● **What you should do**: Where the listing below reaches the line containing "2014 HYUNDAI ELANTRA VIN: 5NPDH4AEXEH456528", start writing out lines exactly, and stop once the line containing "Ausziehbares Tagesbett 2x(90x200)" has been written.

------

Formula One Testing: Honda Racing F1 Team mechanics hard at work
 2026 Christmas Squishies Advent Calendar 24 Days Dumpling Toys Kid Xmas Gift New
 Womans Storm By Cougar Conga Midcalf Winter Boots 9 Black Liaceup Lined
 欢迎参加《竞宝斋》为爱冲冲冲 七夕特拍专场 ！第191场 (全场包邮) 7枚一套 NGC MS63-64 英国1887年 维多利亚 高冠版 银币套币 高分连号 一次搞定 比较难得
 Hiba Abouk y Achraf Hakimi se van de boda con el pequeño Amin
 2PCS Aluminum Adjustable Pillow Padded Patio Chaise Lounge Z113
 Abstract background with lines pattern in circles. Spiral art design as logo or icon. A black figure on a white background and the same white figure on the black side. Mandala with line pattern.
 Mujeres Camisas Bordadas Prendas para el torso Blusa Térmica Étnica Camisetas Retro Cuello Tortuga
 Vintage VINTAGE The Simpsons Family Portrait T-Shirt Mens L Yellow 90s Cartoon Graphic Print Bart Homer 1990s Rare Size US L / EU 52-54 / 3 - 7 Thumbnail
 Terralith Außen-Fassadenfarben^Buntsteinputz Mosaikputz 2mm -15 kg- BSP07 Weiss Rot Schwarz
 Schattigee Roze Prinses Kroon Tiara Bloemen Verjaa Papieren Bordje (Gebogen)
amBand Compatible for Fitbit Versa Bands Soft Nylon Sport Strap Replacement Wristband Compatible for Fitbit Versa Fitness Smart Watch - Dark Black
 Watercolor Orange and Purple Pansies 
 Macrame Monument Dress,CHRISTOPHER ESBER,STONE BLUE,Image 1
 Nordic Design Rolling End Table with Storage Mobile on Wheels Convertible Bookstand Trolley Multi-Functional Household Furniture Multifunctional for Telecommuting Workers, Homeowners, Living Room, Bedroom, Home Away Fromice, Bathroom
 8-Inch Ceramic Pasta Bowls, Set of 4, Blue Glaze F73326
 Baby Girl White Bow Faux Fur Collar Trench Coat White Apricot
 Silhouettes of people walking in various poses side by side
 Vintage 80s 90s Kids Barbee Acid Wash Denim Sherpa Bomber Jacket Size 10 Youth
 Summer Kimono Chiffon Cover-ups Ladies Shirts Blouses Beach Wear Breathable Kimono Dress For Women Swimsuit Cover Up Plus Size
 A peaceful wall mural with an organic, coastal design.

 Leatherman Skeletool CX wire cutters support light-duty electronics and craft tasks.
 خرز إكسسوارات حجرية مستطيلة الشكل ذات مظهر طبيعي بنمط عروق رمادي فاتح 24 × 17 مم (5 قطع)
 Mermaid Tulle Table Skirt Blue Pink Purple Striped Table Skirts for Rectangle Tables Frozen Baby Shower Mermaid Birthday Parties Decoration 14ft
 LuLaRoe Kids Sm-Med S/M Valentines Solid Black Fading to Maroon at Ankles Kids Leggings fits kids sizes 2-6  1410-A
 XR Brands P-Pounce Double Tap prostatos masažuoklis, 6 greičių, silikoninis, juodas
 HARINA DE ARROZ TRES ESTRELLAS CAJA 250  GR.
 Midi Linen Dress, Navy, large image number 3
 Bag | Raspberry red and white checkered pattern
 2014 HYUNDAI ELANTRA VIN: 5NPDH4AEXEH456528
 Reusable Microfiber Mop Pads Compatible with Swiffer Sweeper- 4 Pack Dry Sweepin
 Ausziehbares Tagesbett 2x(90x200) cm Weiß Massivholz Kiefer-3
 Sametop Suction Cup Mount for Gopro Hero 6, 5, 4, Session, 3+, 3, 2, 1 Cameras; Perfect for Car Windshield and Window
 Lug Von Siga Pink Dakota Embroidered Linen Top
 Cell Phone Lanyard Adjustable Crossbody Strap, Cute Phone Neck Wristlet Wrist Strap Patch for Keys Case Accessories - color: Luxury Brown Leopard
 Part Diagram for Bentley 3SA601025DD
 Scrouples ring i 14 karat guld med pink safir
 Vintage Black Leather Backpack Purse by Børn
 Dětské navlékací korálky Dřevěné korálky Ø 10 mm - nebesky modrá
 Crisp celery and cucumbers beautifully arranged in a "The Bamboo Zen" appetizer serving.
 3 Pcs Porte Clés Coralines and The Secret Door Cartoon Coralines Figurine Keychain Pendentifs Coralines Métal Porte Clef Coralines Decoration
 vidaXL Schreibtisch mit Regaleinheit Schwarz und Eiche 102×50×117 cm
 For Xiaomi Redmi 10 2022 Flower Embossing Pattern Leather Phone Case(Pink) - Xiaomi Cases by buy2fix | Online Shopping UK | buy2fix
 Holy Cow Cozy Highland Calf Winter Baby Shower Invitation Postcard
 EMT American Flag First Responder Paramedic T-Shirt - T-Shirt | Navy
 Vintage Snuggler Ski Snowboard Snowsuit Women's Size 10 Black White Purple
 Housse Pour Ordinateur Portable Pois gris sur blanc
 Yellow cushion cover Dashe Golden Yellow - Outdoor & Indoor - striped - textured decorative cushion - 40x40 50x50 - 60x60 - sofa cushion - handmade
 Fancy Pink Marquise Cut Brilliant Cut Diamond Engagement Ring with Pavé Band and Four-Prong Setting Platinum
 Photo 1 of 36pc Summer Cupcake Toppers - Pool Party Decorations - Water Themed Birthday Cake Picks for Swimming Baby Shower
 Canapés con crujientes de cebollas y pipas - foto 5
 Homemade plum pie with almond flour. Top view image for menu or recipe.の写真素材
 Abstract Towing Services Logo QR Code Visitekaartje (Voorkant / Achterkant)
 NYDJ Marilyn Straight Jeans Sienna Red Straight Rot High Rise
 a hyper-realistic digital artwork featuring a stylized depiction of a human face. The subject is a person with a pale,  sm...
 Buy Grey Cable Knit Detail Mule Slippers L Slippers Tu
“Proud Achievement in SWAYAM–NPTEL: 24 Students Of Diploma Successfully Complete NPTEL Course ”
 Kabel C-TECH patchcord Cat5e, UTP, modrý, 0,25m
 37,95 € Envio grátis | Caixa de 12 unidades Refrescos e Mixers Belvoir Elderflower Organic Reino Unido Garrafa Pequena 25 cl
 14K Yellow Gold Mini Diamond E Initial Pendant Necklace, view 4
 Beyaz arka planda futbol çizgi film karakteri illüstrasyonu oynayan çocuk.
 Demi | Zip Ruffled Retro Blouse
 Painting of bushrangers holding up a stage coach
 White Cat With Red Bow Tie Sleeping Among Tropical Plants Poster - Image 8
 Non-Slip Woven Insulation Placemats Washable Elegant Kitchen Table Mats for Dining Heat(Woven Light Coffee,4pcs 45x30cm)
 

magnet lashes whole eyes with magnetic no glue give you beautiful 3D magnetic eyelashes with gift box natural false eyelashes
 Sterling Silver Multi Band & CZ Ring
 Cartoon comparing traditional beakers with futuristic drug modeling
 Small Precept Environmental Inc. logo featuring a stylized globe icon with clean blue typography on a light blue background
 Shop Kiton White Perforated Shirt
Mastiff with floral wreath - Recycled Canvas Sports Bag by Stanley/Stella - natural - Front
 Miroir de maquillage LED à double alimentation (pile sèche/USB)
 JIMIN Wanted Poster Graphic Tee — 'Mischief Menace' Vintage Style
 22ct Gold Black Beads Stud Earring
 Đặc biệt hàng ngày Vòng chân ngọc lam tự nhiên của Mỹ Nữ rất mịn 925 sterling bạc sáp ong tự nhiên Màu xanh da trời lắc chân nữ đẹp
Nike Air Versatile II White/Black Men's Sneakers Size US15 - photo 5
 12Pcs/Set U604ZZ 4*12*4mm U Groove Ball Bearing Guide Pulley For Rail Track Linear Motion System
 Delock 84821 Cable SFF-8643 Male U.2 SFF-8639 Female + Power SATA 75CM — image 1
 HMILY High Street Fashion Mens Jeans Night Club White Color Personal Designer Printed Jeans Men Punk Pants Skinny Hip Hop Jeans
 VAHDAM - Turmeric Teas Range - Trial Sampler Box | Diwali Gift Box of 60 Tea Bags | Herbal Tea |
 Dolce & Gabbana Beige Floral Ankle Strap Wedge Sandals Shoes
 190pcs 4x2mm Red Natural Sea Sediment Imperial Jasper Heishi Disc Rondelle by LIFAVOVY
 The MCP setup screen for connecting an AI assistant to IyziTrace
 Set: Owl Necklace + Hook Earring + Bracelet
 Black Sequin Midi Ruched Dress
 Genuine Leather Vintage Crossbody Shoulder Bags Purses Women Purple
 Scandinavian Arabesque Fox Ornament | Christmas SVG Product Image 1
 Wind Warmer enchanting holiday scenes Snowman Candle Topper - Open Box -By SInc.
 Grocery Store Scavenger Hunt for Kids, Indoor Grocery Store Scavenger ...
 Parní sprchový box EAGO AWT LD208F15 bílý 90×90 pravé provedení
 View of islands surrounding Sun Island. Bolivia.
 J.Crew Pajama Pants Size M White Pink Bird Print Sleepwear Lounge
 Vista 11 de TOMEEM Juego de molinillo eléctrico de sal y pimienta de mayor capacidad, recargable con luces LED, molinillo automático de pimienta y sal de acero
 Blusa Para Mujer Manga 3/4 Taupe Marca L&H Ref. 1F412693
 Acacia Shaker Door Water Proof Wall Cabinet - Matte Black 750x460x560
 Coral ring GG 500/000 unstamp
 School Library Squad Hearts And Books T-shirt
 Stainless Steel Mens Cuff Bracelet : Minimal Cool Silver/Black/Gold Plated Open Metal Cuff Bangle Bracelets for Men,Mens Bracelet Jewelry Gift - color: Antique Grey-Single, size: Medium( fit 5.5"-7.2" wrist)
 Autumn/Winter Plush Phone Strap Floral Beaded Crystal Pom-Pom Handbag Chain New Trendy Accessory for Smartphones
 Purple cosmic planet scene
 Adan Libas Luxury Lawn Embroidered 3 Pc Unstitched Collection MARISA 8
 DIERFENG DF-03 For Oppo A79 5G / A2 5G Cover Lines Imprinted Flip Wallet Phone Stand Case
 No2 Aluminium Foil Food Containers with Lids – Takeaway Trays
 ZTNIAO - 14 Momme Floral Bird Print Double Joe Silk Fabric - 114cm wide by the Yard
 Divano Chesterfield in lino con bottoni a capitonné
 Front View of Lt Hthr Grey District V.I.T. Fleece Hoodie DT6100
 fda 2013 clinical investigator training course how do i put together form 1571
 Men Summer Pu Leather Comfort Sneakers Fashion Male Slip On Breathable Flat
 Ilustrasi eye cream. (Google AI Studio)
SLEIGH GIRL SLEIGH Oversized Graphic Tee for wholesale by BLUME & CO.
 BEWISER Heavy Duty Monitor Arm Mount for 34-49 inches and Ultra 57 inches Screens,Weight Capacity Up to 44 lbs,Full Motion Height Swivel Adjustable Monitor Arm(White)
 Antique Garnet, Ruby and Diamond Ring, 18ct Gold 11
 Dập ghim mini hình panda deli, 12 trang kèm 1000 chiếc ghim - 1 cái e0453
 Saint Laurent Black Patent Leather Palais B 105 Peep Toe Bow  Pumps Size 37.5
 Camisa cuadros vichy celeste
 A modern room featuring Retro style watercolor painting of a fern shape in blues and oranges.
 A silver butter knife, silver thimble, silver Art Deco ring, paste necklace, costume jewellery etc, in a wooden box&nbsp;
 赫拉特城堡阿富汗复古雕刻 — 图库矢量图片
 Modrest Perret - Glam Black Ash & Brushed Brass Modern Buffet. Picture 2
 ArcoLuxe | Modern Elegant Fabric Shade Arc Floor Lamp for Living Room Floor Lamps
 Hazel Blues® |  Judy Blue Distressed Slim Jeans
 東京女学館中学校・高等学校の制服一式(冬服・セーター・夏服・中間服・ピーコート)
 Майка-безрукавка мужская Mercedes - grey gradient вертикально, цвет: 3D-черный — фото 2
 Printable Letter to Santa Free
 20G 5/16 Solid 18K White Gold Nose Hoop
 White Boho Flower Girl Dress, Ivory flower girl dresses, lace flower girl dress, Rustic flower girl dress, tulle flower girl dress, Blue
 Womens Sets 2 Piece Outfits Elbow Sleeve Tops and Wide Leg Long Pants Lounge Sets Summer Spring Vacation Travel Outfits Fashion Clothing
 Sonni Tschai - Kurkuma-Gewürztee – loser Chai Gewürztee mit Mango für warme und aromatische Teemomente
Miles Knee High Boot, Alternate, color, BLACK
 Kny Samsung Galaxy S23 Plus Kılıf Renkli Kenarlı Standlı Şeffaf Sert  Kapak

------

● **Solution to this task**:
 2014 HYUNDAI ELANTRA VIN: 5NPDH4AEXEH456528
 Reusable Microfiber Mop Pads Compatible with Swiffer Sweeper- 4 Pack Dry Sweepin
 Ausziehbares Tagesbett 2x(90x200) cm Weiß Massivholz Kiefer-3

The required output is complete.